On the same niche, we can also cite the “Fair Gras”, launched a year ago by a couple in their thirties from Lyon. The 100% vegetable jar has made a place for itself in a few delicatessens in the capital of French gastronomy: “It shows that this is a product that does not only affect people who are vegans or vegetarians”, explains Sarah Sabatier, co-founder of the company and pastry chef by trade. It was his companion, the British chef Toby Hunt who concocted the recipe.
These alternatives, sold around 80 euros per kilo, the same price as traditional foie gras, do they really have a chance to enter the eating habits of the French? Matteo Neri, head of studies at Xerfi, an independent firm specializing in the analysis of the agri-food sector, doubts this. Despite an increase of almost 9% in 2020, the market for plant-based alternatives is already slowing down: “Growth prospects are rather lackluster compared to other markets, particularly the UK and Germany. ” He points to the “food conservatism” from France. “There is no room for many new players in this kind of niche segment within a niche market”, he believes.

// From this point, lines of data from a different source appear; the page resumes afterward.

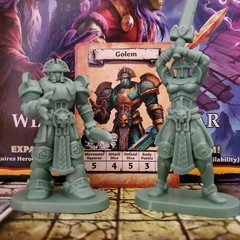 HeroQuest Avalon Hill D&D Wizards of Morcar – Male Female Golem Monsters & Card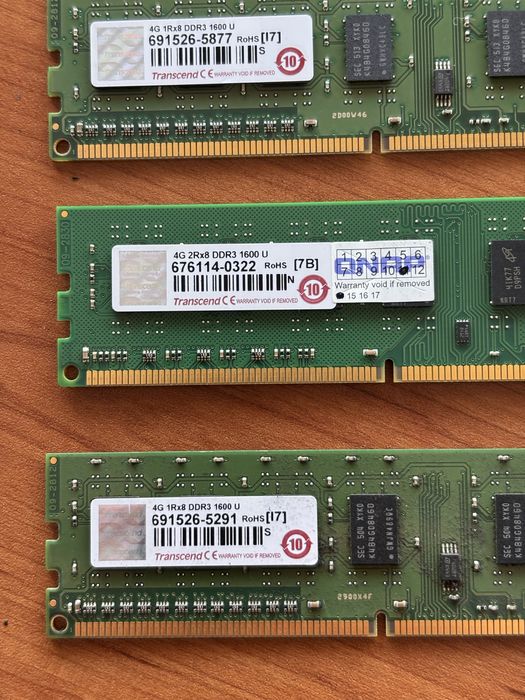 4x 4G 2Rx8 DDR3 1600 U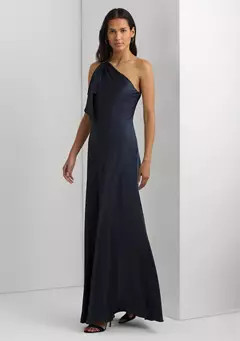 Lauren Ralph Lauren Women's One-Shoulder Solid Gown | Belk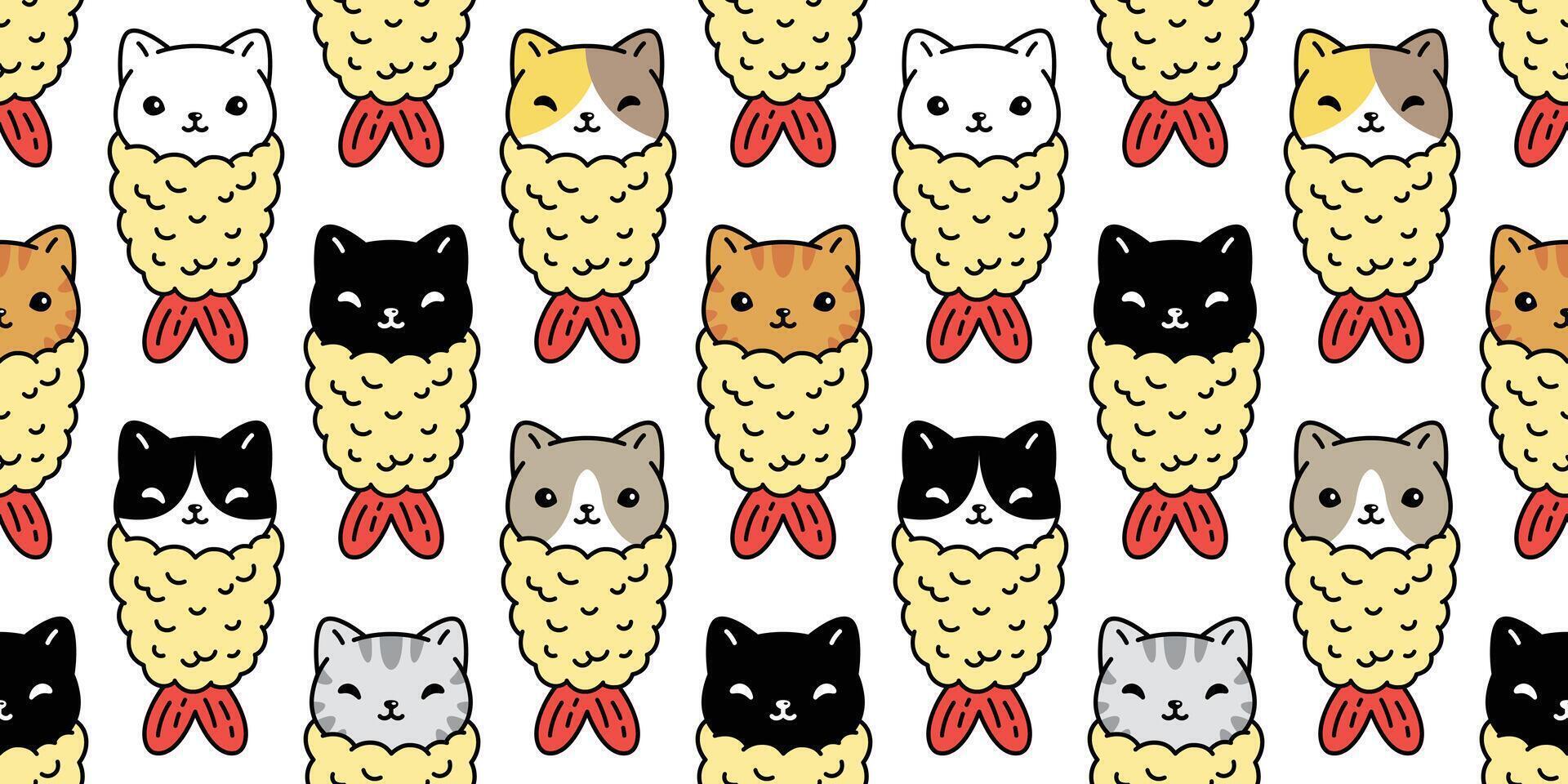 cat seamless pattern kitten tempura calico japan food shrimp breed neko cartoon character pet tile background repeat wallpaper doodle illustration design scarf isolated vector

According to Matteo Neri, another market, guaranteed without animal suffering, is much more promising as the demand for protein will explode in emerging countries: in vitro meat.
Cellular foie gras, without force-feeding or breeding … This is what Gourmey promises, a start-up which inaugurated a 1,000 m² production workshop in the capital a few weeks ago. Recipe ? Cells are taken from a duck egg “freshly laid” then we place them in stainless steel tanks “in which they will multiply because they have just the right temperature, the right nutrients of plant origin, explains Nicolas Morin, one of the founders. We will be able to feed our cells as if we were directly feeding a duck “. The cells are harvested after two or three weeks and then placed in jars to take the form of a block of traditional foie gras.

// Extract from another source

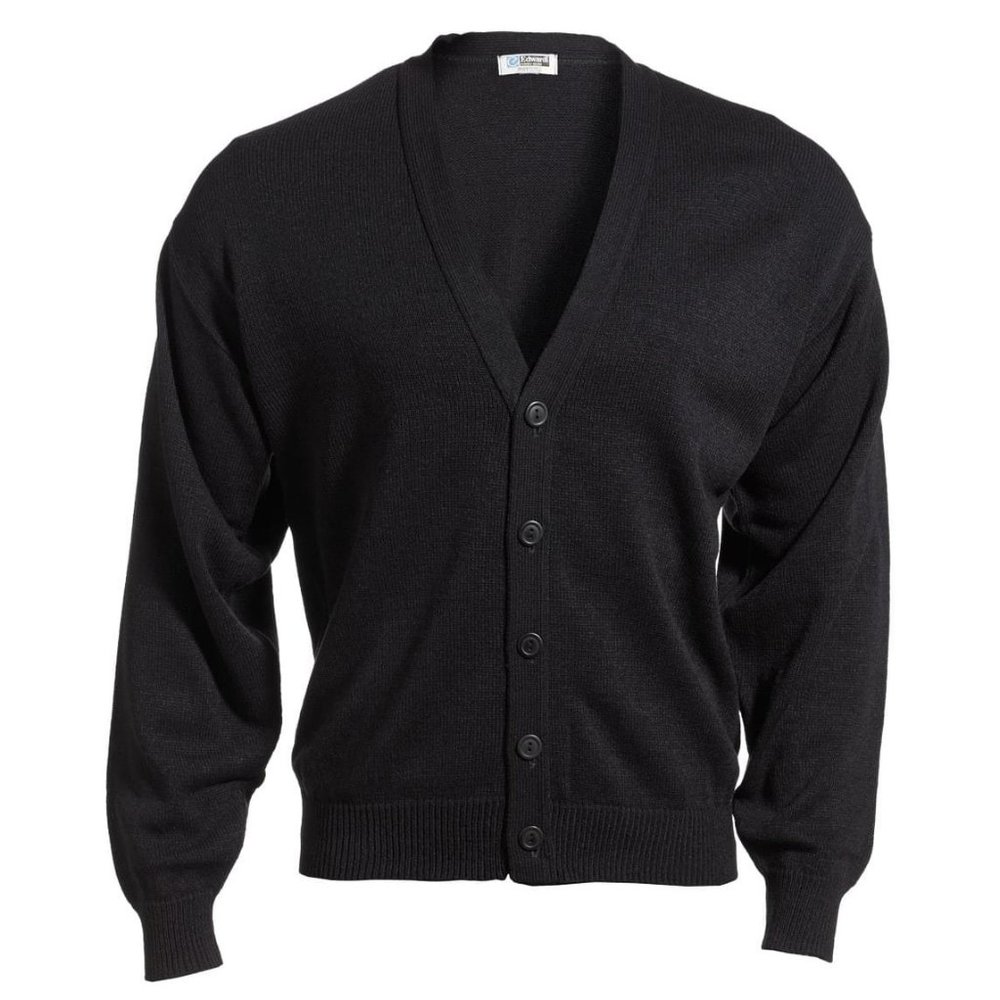 Edwards 4X Big Men Jersey Knit Acrylic Cardigan Black Long Sleeve Button 4XL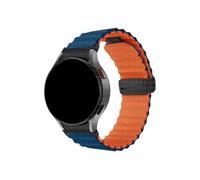Srndsydak Unisex Silicone Watch band Fit for Samsung Galaxy Watch 7 6 5 4/ FE/ 6Classic 4Classic/ 5Pro(Black blue orange,For Galaxy 4 44/40mm)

After two years and nearly a thousand tests, adjustments to the cell regime, Nicolas Morin is satisfied: “We succeeded in obtaining a foie gras which is strong in taste. There is a very, very distinctive note of the foie gras, a compact texture, but which also melts on the tongue.” Gourmey does not however have the ambition, says the entrepreneur, to replace traditional foie gras: “We are not at all aiming to do a sleight of hand on the plates of the French who adore foie gras and are attached to this product.”
The target is the consumers “who are not comfortable with the method of producing foie gras. And beyond our borders, to those who do not have access to the product because it is prohibited, as is the case in California and soon in New York City, for example. ” The British government is also considering this option and is even interested in vegan alternatives.
Is this really the society we want for our children? Me no.
I say it clearly: meat comes from life, not from laboratories. Count on me so that in France, meat remains natural and never artificial! https://t.co/xNjccFyKUz– Julien Denormandie (@J_Denormandie) December 2, 2020
There remains a major obstacle: obtaining authorization to market this cellular fatty liver. For the moment, only Singapore has given the green light for chicken nuggets produced in vitro. In the European Union, cases are studied by EFSA (European Food Safety Authority). And it is obviously not France which will exert the lobbying in favor of Gourmey. “Count on me so that in France meat remains natural and never artificial”, Julien Denormandie tweeted in December 2020.